▸ DATA SECTION
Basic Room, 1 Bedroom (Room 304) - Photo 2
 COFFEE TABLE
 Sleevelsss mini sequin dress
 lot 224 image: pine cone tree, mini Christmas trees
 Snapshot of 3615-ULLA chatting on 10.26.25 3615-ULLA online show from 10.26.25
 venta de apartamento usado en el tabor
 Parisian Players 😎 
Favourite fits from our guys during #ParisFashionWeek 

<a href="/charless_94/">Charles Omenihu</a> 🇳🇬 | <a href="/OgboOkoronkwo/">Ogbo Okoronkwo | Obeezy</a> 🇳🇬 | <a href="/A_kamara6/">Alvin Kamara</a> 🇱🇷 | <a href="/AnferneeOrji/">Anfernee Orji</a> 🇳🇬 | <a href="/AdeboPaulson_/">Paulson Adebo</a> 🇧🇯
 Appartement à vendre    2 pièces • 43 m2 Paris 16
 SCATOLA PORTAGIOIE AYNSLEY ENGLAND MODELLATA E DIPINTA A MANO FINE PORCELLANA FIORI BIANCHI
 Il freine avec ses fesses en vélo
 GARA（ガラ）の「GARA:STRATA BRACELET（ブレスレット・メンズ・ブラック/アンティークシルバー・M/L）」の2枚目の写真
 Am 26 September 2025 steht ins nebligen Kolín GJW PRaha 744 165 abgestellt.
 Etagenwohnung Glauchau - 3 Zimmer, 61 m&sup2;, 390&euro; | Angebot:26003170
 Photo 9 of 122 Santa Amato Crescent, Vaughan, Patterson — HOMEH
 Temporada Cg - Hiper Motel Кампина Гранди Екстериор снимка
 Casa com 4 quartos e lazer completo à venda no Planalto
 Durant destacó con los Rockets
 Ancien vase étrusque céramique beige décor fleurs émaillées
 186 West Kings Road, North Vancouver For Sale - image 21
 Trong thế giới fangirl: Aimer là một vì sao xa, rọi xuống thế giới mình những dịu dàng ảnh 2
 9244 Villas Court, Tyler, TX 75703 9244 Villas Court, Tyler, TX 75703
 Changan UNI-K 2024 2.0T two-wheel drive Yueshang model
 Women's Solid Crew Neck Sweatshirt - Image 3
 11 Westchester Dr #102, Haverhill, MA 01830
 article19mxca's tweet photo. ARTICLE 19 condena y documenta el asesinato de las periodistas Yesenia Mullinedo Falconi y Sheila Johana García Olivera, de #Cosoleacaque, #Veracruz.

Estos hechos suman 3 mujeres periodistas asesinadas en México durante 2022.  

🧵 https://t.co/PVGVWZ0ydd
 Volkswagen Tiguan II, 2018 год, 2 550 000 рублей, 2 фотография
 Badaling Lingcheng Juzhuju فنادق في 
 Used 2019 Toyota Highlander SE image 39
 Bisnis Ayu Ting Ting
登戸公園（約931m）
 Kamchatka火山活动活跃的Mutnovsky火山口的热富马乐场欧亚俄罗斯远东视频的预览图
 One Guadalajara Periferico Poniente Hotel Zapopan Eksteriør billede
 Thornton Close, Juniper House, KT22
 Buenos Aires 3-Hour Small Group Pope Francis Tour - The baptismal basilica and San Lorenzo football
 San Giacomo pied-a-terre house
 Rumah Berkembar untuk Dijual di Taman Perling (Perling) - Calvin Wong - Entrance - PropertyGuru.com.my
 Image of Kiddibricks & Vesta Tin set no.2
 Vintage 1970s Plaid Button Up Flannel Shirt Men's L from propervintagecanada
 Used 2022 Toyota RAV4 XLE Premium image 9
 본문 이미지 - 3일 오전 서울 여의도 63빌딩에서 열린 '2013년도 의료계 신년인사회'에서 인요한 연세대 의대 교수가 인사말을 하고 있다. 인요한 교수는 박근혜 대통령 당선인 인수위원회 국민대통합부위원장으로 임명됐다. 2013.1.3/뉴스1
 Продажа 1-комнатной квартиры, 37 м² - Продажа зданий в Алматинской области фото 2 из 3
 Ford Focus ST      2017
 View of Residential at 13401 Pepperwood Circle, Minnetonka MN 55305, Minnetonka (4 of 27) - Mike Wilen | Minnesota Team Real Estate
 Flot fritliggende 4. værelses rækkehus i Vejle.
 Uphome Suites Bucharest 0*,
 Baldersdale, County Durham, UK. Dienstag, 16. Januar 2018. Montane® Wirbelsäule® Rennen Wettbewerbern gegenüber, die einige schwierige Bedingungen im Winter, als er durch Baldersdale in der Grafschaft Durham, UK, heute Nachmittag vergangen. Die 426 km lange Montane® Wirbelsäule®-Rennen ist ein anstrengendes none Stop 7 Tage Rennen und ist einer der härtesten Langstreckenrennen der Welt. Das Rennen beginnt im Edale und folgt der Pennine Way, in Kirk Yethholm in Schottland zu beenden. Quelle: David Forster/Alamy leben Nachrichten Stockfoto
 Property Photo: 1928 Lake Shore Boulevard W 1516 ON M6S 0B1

▸ BRIEF
Each record is to be repeated word for word, with none skipped.

▸ EXPECTED OUTPUT
Basic Room, 1 Bedroom (Room 304) - Photo 2
 COFFEE TABLE
 Sleevelsss mini sequin dress
 lot 224 image: pine cone tree, mini Christmas trees
 Snapshot of 3615-ULLA chatting on 10.26.25 3615-ULLA online show from 10.26.25
 venta de apartamento usado en el tabor
 Parisian Players 😎 
Favourite fits from our guys during #ParisFashionWeek 

<a href="/charless_94/">Charles Omenihu</a> 🇳🇬 | <a href="/OgboOkoronkwo/">Ogbo Okoronkwo | Obeezy</a> 🇳🇬 | <a href="/A_kamara6/">Alvin Kamara</a> 🇱🇷 | <a href="/AnferneeOrji/">Anfernee Orji</a> 🇳🇬 | <a href="/AdeboPaulson_/">Paulson Adebo</a> 🇧🇯
 Appartement à vendre    2 pièces • 43 m2 Paris 16
 SCATOLA PORTAGIOIE AYNSLEY ENGLAND MODELLATA E DIPINTA A MANO FINE PORCELLANA FIORI BIANCHI
 Il freine avec ses fesses en vélo
 GARA（ガラ）の「GARA:STRATA BRACELET（ブレスレット・メンズ・ブラック/アンティークシルバー・M/L）」の2枚目の写真
 Am 26 September 2025 steht ins nebligen Kolín GJW PRaha 744 165 abgestellt.
 Etagenwohnung Glauchau - 3 Zimmer, 61 m&sup2;, 390&euro; | Angebot:26003170
 Photo 9 of 122 Santa Amato Crescent, Vaughan, Patterson — HOMEH
 Temporada Cg - Hiper Motel Кампина Гранди Екстериор снимка
 Casa com 4 quartos e lazer completo à venda no Planalto
 Durant destacó con los Rockets
 Ancien vase étrusque céramique beige décor fleurs émaillées
 186 West Kings Road, North Vancouver For Sale - image 21
 Trong thế giới fangirl: Aimer là một vì sao xa, rọi xuống thế giới mình những dịu dàng ảnh 2
 9244 Villas Court, Tyler, TX 75703 9244 Villas Court, Tyler, TX 75703
 Changan UNI-K 2024 2.0T two-wheel drive Yueshang model
 Women's Solid Crew Neck Sweatshirt - Image 3
 11 Westchester Dr #102, Haverhill, MA 01830
 article19mxca's tweet photo. ARTICLE 19 condena y documenta el asesinato de las periodistas Yesenia Mullinedo Falconi y Sheila Johana García Olivera, de #Cosoleacaque, #Veracruz.

Estos hechos suman 3 mujeres periodistas asesinadas en México durante 2022.  

🧵 https://t.co/PVGVWZ0ydd
 Volkswagen Tiguan II, 2018 год, 2 550 000 рублей, 2 фотография
 Badaling Lingcheng Juzhuju فنادق في 
 Used 2019 Toyota Highlander SE image 39
 Bisnis Ayu Ting Ting
登戸公園（約931m）
 Kamchatka火山活动活跃的Mutnovsky火山口的热富马乐场欧亚俄罗斯远东视频的预览图
 One Guadalajara Periferico Poniente Hotel Zapopan Eksteriør billede
 Thornton Close, Juniper House, KT22
 Buenos Aires 3-Hour Small Group Pope Francis Tour - The baptismal basilica and San Lorenzo football
 San Giacomo pied-a-terre house
 Rumah Berkembar untuk Dijual di Taman Perling (Perling) - Calvin Wong - Entrance - PropertyGuru.com.my
 Image of Kiddibricks & Vesta Tin set no.2
 Vintage 1970s Plaid Button Up Flannel Shirt Men's L from propervintagecanada
 Used 2022 Toyota RAV4 XLE Premium image 9
 본문 이미지 - 3일 오전 서울 여의도 63빌딩에서 열린 '2013년도 의료계 신년인사회'에서 인요한 연세대 의대 교수가 인사말을 하고 있다. 인요한 교수는 박근혜 대통령 당선인 인수위원회 국민대통합부위원장으로 임명됐다. 2013.1.3/뉴스1
 Продажа 1-комнатной квартиры, 37 м² - Продажа зданий в Алматинской области фото 2 из 3
 Ford Focus ST      2017
 View of Residential at 13401 Pepperwood Circle, Minnetonka MN 55305, Minnetonka (4 of 27) - Mike Wilen | Minnesota Team Real Estate
 Flot fritliggende 4. værelses rækkehus i Vejle.
 Uphome Suites Bucharest 0*,
 Baldersdale, County Durham, UK. Dienstag, 16. Januar 2018. Montane® Wirbelsäule® Rennen Wettbewerbern gegenüber, die einige schwierige Bedingungen im Winter, als er durch Baldersdale in der Grafschaft Durham, UK, heute Nachmittag vergangen. Die 426 km lange Montane® Wirbelsäule®-Rennen ist ein anstrengendes none Stop 7 Tage Rennen und ist einer der härtesten Langstreckenrennen der Welt. Das Rennen beginnt im Edale und folgt der Pennine Way, in Kirk Yethholm in Schottland zu beenden. Quelle: David Forster/Alamy leben Nachrichten Stockfoto
 Property Photo: 1928 Lake Shore Boulevard W 1516 ON M6S 0B1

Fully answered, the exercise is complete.